Jorge de Oteiza y la Escuela Vasca de Arte contemporáneo

A mediados de los años sesenta se inició en el País Vasco un proceso de acercamiento entre artistas y pensadores alrededor de la figura del escultor Jorge de Oteiza. El proyecto de Oteiza tenía como objetivo inmediato la creación de una Escuela Vasca de Arte Contemporáneo desde la que las distintas disciplinas estéticas pudieran dialogar e intercambiar información, buscando en su síntesis la creación de un modelo de comportamiento, de educación estética al servicio de la sociedad, que hiciera del niño el centro del proceso creativo. El mayor atractivo del proyecto no era su carga utópica, por más que fuera también su mayor inconveniente, sino que por primera vez el modelo de artista autocentrado (tal y como lo define la terminología creada por Txepetx) emergía en el deteriorado panorama cultural vasco. Como acción previa, pero inmediata en su anticipación a todo este proyecto de movilización, la eclosión de este nuevo pensamiento ya había convulsionado todo el paisaje de la cultura vasca a través de la obra Quosque tandem...! de la que pronto se celebrará el cuarenta aniversario. La cronología y la velocidad de lo sucedido en aquellos años se dispara. Es el año 1965, momento en el que se comienza a rodar Ama Lur, la película de Fernando Larruquert y Néstor Basterrechea. Fue el tiempo en que mi mujer, Marian Arregi, y yo conocimos a Jorge de Oteiza y a Itziar Carreño, su mujer. Esta importante circunstancia permitió enderezar en sus prolegómenos, lo que era un principio de crisis en la búsqueda de una identidad sustraída; de ahí que esta personal aventura tuviera todos los rasgos de una iniciación que, como escribe el historiador de las religiones Joseph Campbell: «es siempre y en todas partes un pasar más allá del velo de lo conocido a lo desconocido».

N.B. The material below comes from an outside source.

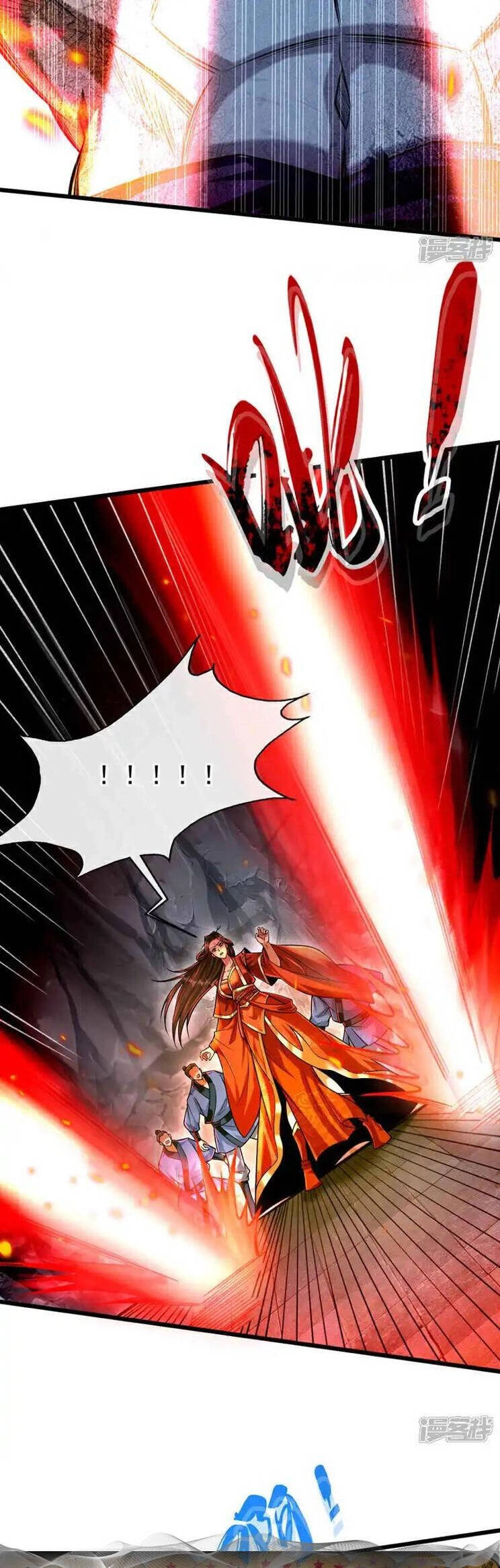 Thập Đại Đế Hoàng Đều Là Đệ Tử Của Ta Chapter 219 - 12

A la búsqueda de la tradición.

La danza, un arte de símbolos en movimiento

Aunque intuitivamente teníamos construido un modelo de trabajo, el encuentro con Jorge de Oteiza y el resto de las personas y grupos que integraban la Escuela Vasca de Arte Contemporáneo, como Ez dok Amairu fue definitivo. Este importante grupo fue dotado de unas bases estratégicas tan firmes, que posibilitaron la construcción y desarrollo de una política cultural sin precedentes. En sus comienzos aglutinó diversas expresiones musicales entre las cuales estaba mi mujer como componente del trío Kemen. Ez dok Amairu y el propio Oteiza fueron muy importantes por el estimulo y trascendencia que supieron imprimir a aquellos primeros encuentros, con intercambio de información en reuniones y debates extraordinariamente vivos. Pero con todo, y en honor a una verdad que alguna vez podrá ser aireada, frecuentar círculos políticos de alto nivel, y no otra cosa, fue un privilegio que ha sido el soporte que nos ha traído hasta aquí. La tarea era ingente. Sobre todo teniendo en cuenta cual era el punto de partida: un grupo de jóvenes con una muy limitada preparación. Como personas preocupadas por nuestra cultura tradicional, pero desconectadas de la obra científica de Resurrección María de Azkue y el P. José Antonio de Donostia, del P. Hilario Olazarán de Estella, o de los maestros Jordá de Gallastegi y Javier Bello Portu, se precisaba de manera urgente retomar su legado poniendo en movimiento, con pasos y coreografías, toda la música de danza que huérfana de contexto, recogían los cancioneros, artículos y conferencias de todos ellos. Era tarea esencial la construcción de un «atlas de música coreográfica» (en aquel primer momento no conocíamos el de Jordá de Gallastegi) y un sistema de clasificación (los de Olazarán y Webster eran insuficientes) para poder completar la mayor cantidad posible de materiales y ver la situación real de las tradiciones dancísticas. Además de todo lo dicho, se daba la circunstancia de que al general desconocimiento que los grupos de danza folclórica tenían sobre materias histórico antropológicas, se añadía una necesidad urgente de restaurar algunos repertorios en sus estilos gestuales, en determinados movimientos básicos, deteriorados por guiños debidos a una deficiente interpretación de los hechos folclóricos y su naturaleza.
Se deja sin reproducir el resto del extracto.